SPiN is an international chain of franchised table tennis clubs and bars. The company was founded in 2009 by actress Susan Sarandon, her then-boyfriend Jonathan Bricklin,  Andrew Gordon, Franck Raharinosy, and Wally Green.

History and locations

The first location of SPiN opened in New York City's Flatiron District on Park Avenue. Susan Sarandon got involved in the project after attending a table tennis party held by Franck Raharinosy.

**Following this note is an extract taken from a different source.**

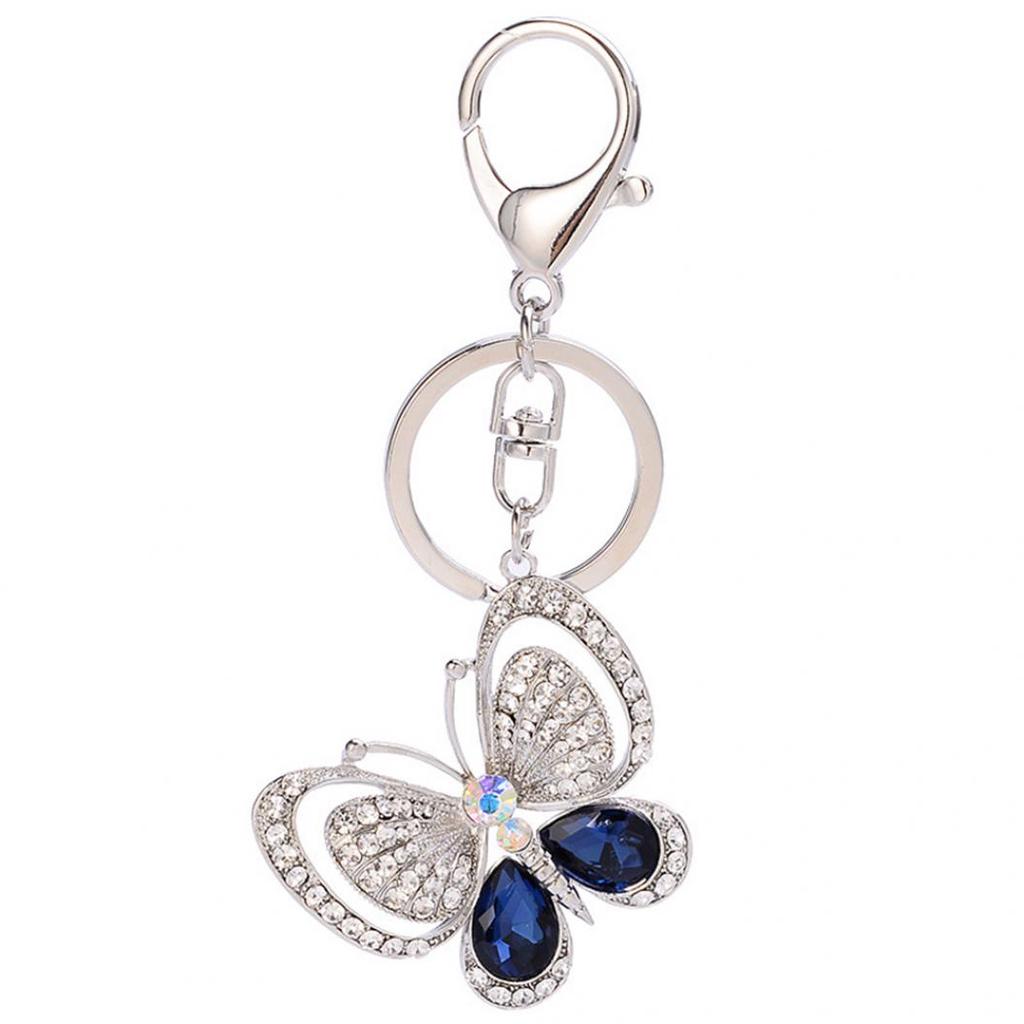 Shiny Rhinestone Hollowed Butterfly Pendant Keychain Keys Organizer Ring Decor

The first SPiN franchise outside of New York opened in 2010 in Milwaukee (the table tennis bar at this location is now no longer affiliated with the SPiN brand). In 2011, a location opened in Toronto and in 2013 a location (containing a gold-plated ping pong table) opened in Dubai (it later closed due to Dubai's more conservative drinking norms). Further locations have opened (or are planned to open) in Austin, Chicago, Los Angeles, Philadelphia, and San Francisco. As of 2017, there are seven current or planned SPiN locations in the U.S. and Canada.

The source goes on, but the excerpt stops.